While not final final, I’m thinking that the installed binary name will be drizzlebackup.innobase. A simple naming scheme for various backup tools that are Drizzle specific. This casually pre-empts a drizzlebackup tool that can co-ordinate all of these (like the innobackupex script).
Drizzle online backup with xtrabackup
For backups, historically in the MySQL world you’ve had mysqldump (a SQL dump, means on restore you have to rebuild indexes), InnoDB Hot Backup (proprietary, but takes a copy of the InnoDB data files, so restore is much quicker), LVM snapshots (various scripts exist, does have larger IO impact, requires LVM) and more recently xtrabackup. Xtrabackup essentially does the same thing as InnoDB hot backup except that it’s free and open source software.
Many people have been using xtrabackup successfully for quite a while now.
In Drizzle7, our default storage engine is InnoDB. There have been a few changes, but it is totally InnoDB. This leaves us with the question of backup solutions. We have drizzledump (the Drizzle equivalent to MySQL dump – although with fewer gotchas), you could always use LVM snapshots and the probability of Oracle releasing InnoDB Hot Backup for Drizzle is rather minimal.

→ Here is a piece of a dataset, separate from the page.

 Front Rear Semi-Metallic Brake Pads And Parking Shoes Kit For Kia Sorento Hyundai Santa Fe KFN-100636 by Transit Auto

So enter xtrabackup as a possible solution… I had though of porting xtrabackup across for a while. Last weekend, while waiting for one of my iterations of catalog support to compile, I decided to give it a go. I wanted to see how far I could get with it also in that weekend.
I was successful – there’s a tree up at lp:~stewart/drizzle/xtrabackup thatproduces an xtrabackup binary that’s built for Drizzle (it’s not quite ready for merging yet, there are some obivous bugs around command line option parsing… but a backup and restore did work).
I wanted the following:
- build to be integrated with Drizzle, using the same innobase build that we use to build the server
- build with strict compiler warnings and -Werror (which we do forDrizzle)
- build with a C++ compiler (as we do with innobase in Drizzle)
- not re-add parts of mysys into the Drizzle build just for xtrabackup
I’ve already submitted merge requests to upstream xtrabackup containing the compiler fixes and added compiler warnings (they’ve also by now been merged into xtrabackup). Already my work has improved the quality of xtrabackup for everyone. Some of the warnings were fixed slightly differently in xtrabackup than in my Drizzle tree, but I plan to merge.
One issue was that the command line parsing library that xtrabackup uses – my_getopt which is part of mysys (the portability library inside MySQL) is long since gone from Drizzle. We currently use Boost::program_options. Thanks to the heroic efforts of Andrew Hutchings, xtrabackp in Drizzle is also using boost::program_options. This was a brilliant “hey, can you have a look at this conversion” followed by handing him a tree that did not even remotely compile, followed by a “I have to take the kids somewhere, here’s a tree – it may compile”. Amazingly enough, it pretty much did compile once I fixed the other issues.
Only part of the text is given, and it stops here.